Now the ground is even.

Union Budget 2021 declared that ULIPs will be taxed just like mutual funds, if the annual premium exceeds Rs 2.5 lakh. The maturity proceeds in such a case, will no longer be tax free but subject to tax in a similar way that mutual funds are taxed. As a result, they no longer offer the tax arbitrage.

DO NOTE. Only the gains on maturity amount of ULIPs, arising from redeeming the units of ULIPs with a premium of or above Rs 2.5 lakh would be taxed. However, there will be no tax if exit is due to death of ULIP policyholder.

Why was this done?

ULIPs are hybrid products that combine insurance and investment in equity and debt.

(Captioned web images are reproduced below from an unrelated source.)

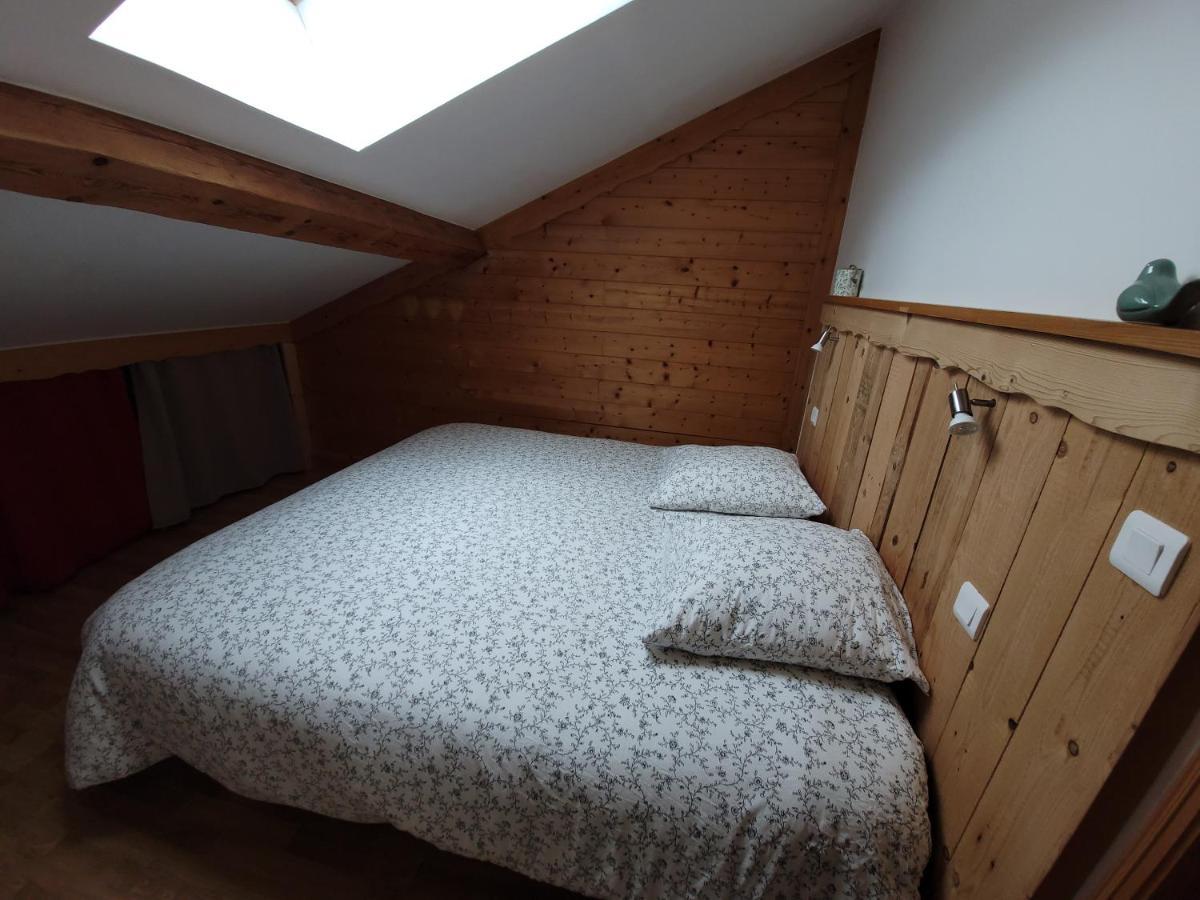 7 P - Au Coeur Du Massif Jurassien Guest House เลรูส ภายนอก รูปภาพ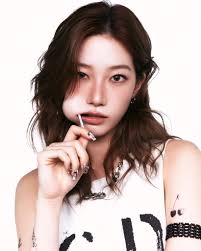 COMPACT BITES👄 2025.10.24 1PM (KST)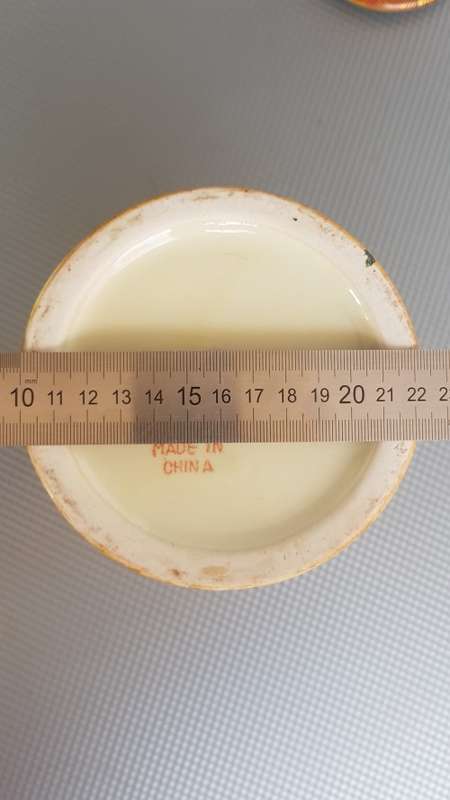 Vintage! Early-Mid Century Chinese Satsuma Style Vase.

But they have primarily been sold as equity investment products in the past. After equity was subject to tax in 2018, ULIPs had an undue advantage in the form of exemption under Section 10(10D).

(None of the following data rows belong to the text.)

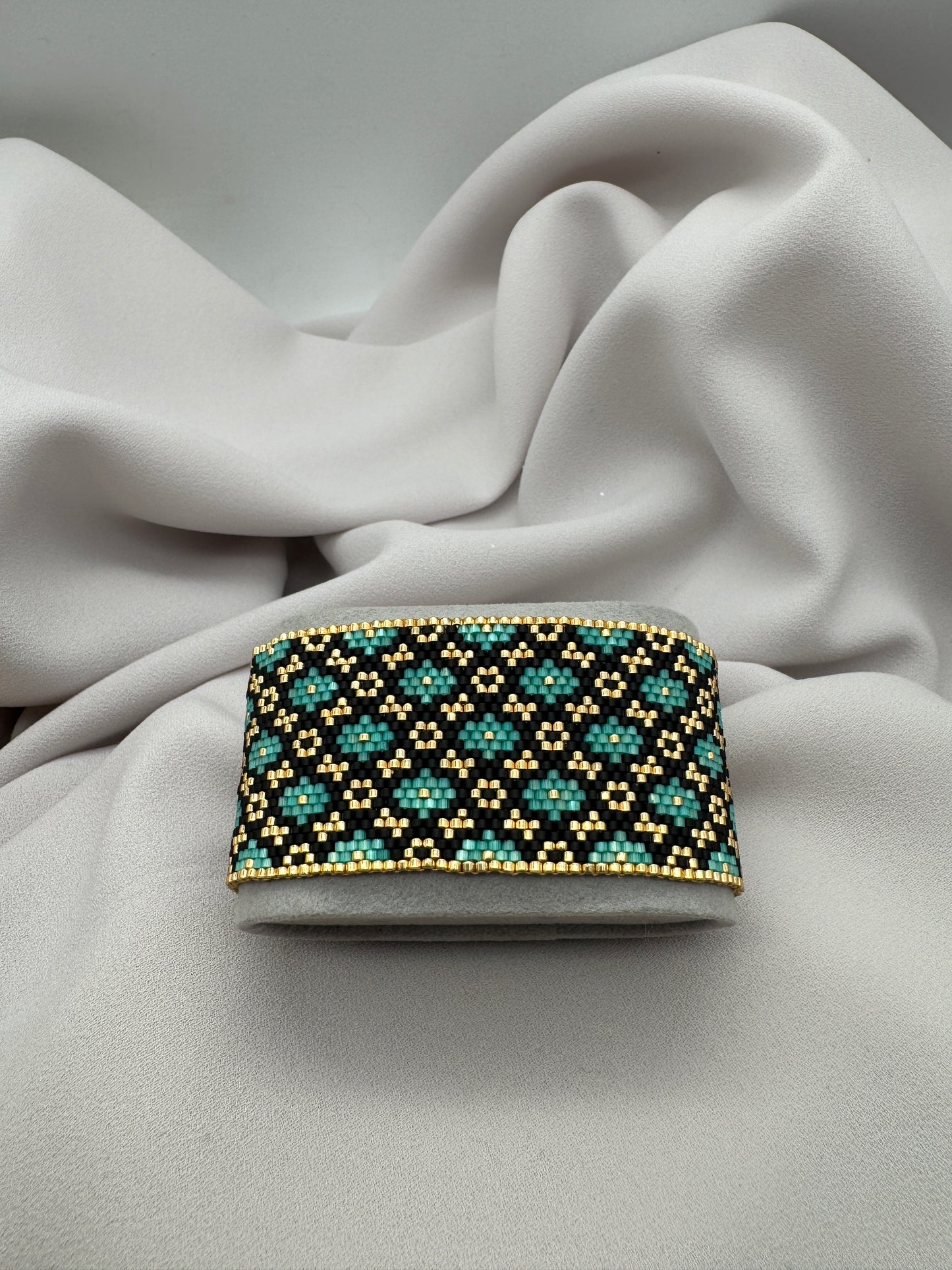 Miyuki Baroque Green Satin Bracelet Pattern (PDF file)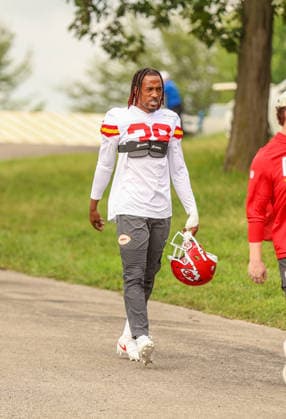 AUGUST 1, 2026: Kansas City Chiefs cornerback L Jarius Sneed walks down the hill towards the field at Chiefs training camp in St. Joseph, MO. CSM St. Joseph United States - ZUMAc04_ 20260801_zma_c04_043 Copyright: xRomanxPunox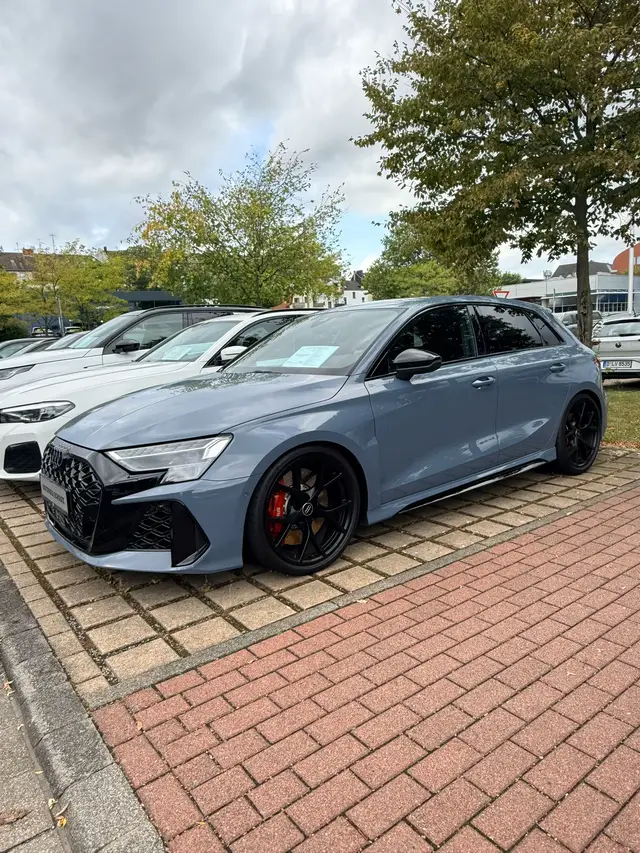 @Oussama Audi RS6🇩🇪🇹🇳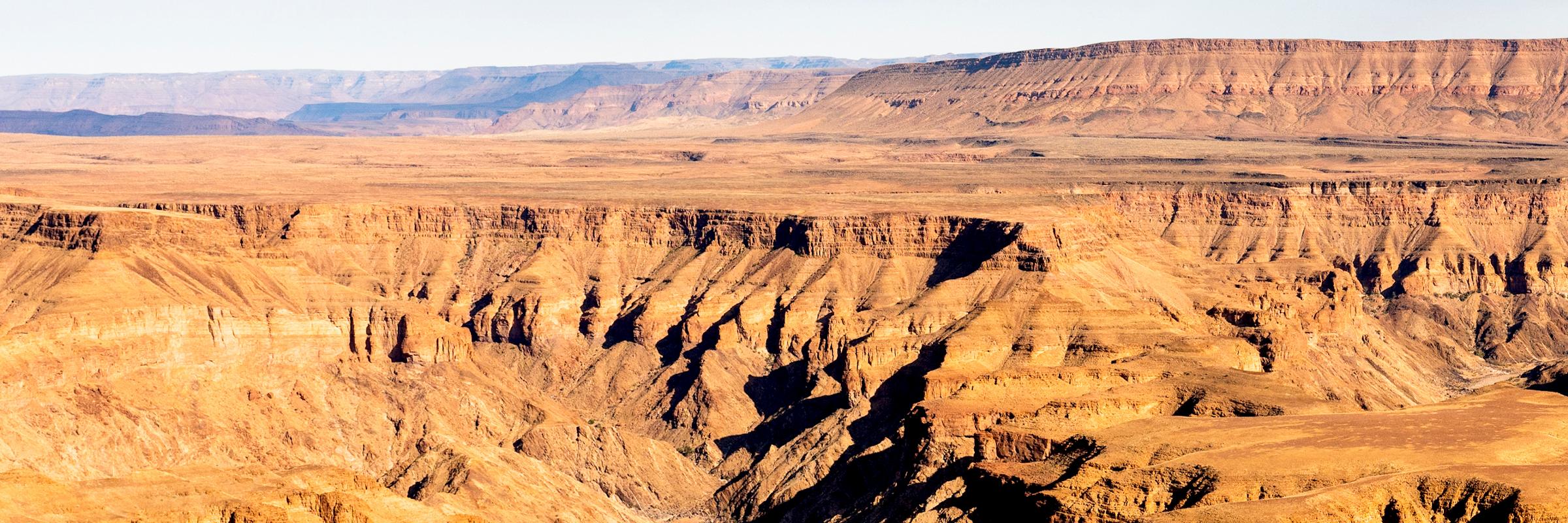 Der Fish River Canyon in Namibia ist der größte Canyon auf dem afrikanischen Kontinent und gilt nach dem Grand Canyon als zweitgrößter der Welt.
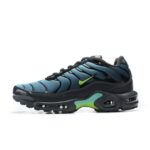 AIR MAX PLUS TN ‘IRIDESCENT’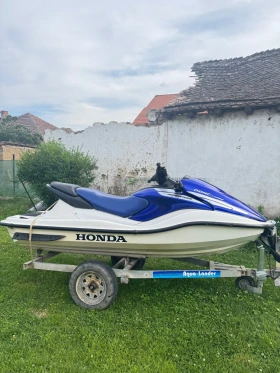 ����� �� �������� �� ���� Honda Akwatrax 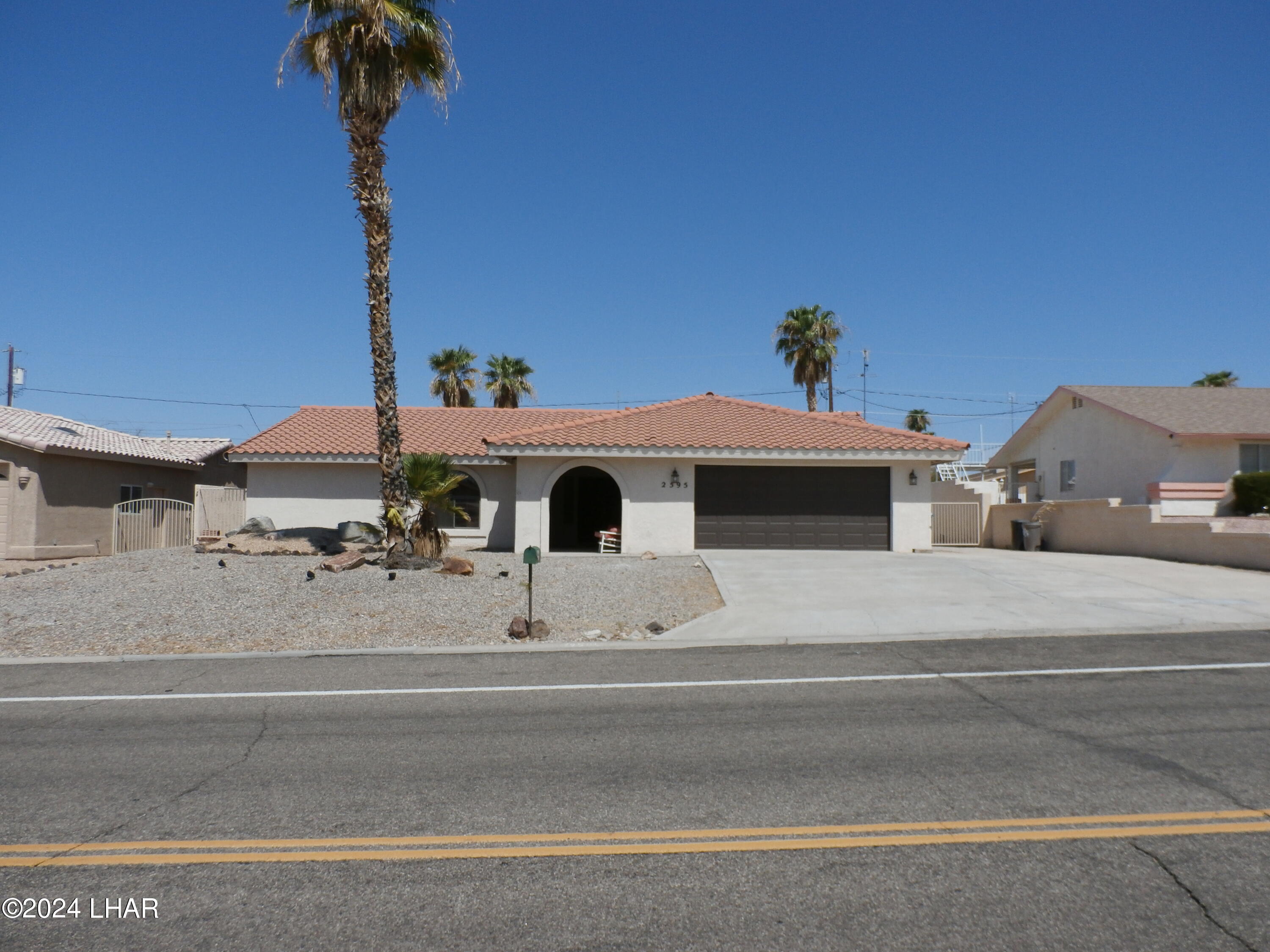 Saratoga Ave, Lake Havasu City, AZ 86406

To avail of this tax arbitrage, many high net worth individuals were attracted to this tax-free status over the last few years and began investing in equity via the ULIP route. This way, they were exempt from capital gains tax. With the tax exemption pulled out, ULIPs are no longer that attractive.

This will also curb mis-selling to some extent. ULIPs have been aggressively sold (or pushed) on the premise of combining investment with insurance, ‘claimed’ equity-like returns and tax-free status (till now). But very few ULIP agents or banks were honest enough to explain the full details and actual return profile of ULIPs. With no tax-free maturity benefit, at least one part of the sales pitch is correctly handled.

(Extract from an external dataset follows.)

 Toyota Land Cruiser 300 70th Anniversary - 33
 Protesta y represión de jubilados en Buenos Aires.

Should you consider ULIPs?

I have long maintained, and never wavered, that individuals should not mix insurance with investments. This includes ULIPs, endowment plans and moneyback policies.

If an individual gets a proper term insurance coverage, ULIPs serve no purpose as insurance products. I find them to be opaque and poorly performing investment vehicles. Not to mention expensive, as one ends up paying lakhs of rupees in annual premium.

Get your insurance needs assured with term insurance plans. When it comes to your investments, there are plenty of options out there that offer transparency. Equity funds, debt funds, stocks, Employee Provident Fund, Voluntary Provident Fund, Public Provident Fund, and so on and so forth.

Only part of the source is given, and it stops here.